Tuesday, July 9, 2013

The quick and easy (and effective) turnout model

After the polling debacle in the British Columbia election earlier this year, many pollsters identified turnout as a major issue in the error, and not in terms of the number of people who turned out. Rather, the problem was with who turned out. I looked at this issue in an article for The Globe and Mail shortly after the B.C. election, and a new article by Angus Reid for Maclean's identifies the same problem. In that article, he mentions that if Angus-Reid had used a turnout model based on who went to the polls in 2009, they would have given the NDP a three-point lead instead of the nine-point lead they actually awarded the party.

While that still would have been off, it would have been a lot closer and would have suggested that the race was getting too close to call. The egg on the faces of the pollsters (and those who base their work on polls, such as myself) would have been a little thinner.

Ever since the federal and provincial elections in 2011, I have played around with trying to guess at how the polls were going to miss turnout. This was employed in the manner of adjustments to the projection based on how the polls had been wrong in similar situations before. This helped me get very close to the results for the B.C. Greens and Conservatives in the election, and got me a little closer to the truth in Alberta (I probably would have had a Wildrose majority instead of a minority without it).

But the results haven't been satisfactory, and the B.C. election showed how necessary it was (Alberta had some other dynamics going on, not related to turnout). The 2011 federal election was also influenced by turnout, as it turned a Conservative minority government into a majority one.

I could try to design some complicated model for estimating turnout, but in most cases the simpler a forecasting model can be the better it is. One of the criticisms of Nate Silver's model is that it is overly complicated for only a slightly better performance than simpler alternatives. He has alluded to that himself, and discusses the benefits of simplicity in The Signal and the Noise (required reading).

I've determined that a very simple turnout model can, in fact, be quite effective. That model has to do entirely with age. Younger Canadians do not go to the polls in as large numbers as middle-aged Canadians, who do not vote in as large proportions as seniors. And, it seems, those who do vote tend to vote in similar ways to those who are older than them.

In order to reflect this, the simple turnout model I will be using in future elections (when the data is available, and as a separate calculation from the polling aggregation) employs the following formula: discard the results of those under the age of 35 and double the results from respondents 55 and older. That's it.

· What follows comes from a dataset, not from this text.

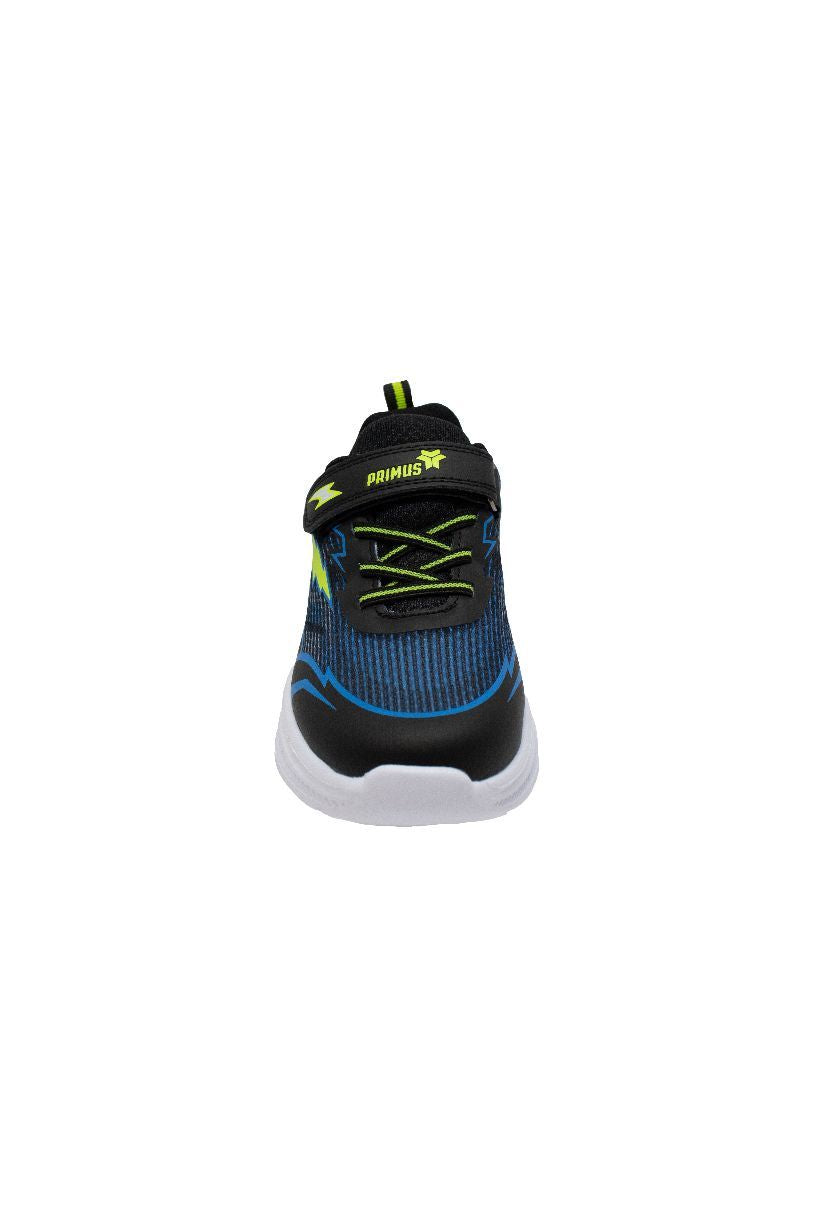 Chaussures velcro Jolt Flash pour garçon - Skechers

This is easy to do as most pollsters tend to report these age groups. When they use other definitions, a little tweaking needs to be employed. When they do not report these results, I will have to estimate them based on what other polls are showing or ignore them entirely. The results of this method are surprisingly good.

The chart below shows the difference between the final projection and what that final projection would have been if using this simple turnout model (ignoring polls without age breakdowns) in four recent elections. A few notes: in Alberta, I have compared the turnout projection to the unadjusted final projection - I was employing turnout adjustments for every party in that election already. And in Quebec, since Léger and CROP do not report age breakdowns, I have only applied the turnout model to Forum Research's final poll.

As you can see, in every case the turnout model performs better. In some cases, the difference is dramatic: total error would have been reduced by about a third in British Columbia and almost entirely erased in Ontario. The results in that province are particularly striking - no party would have been missed by more than 0.3 percentage points!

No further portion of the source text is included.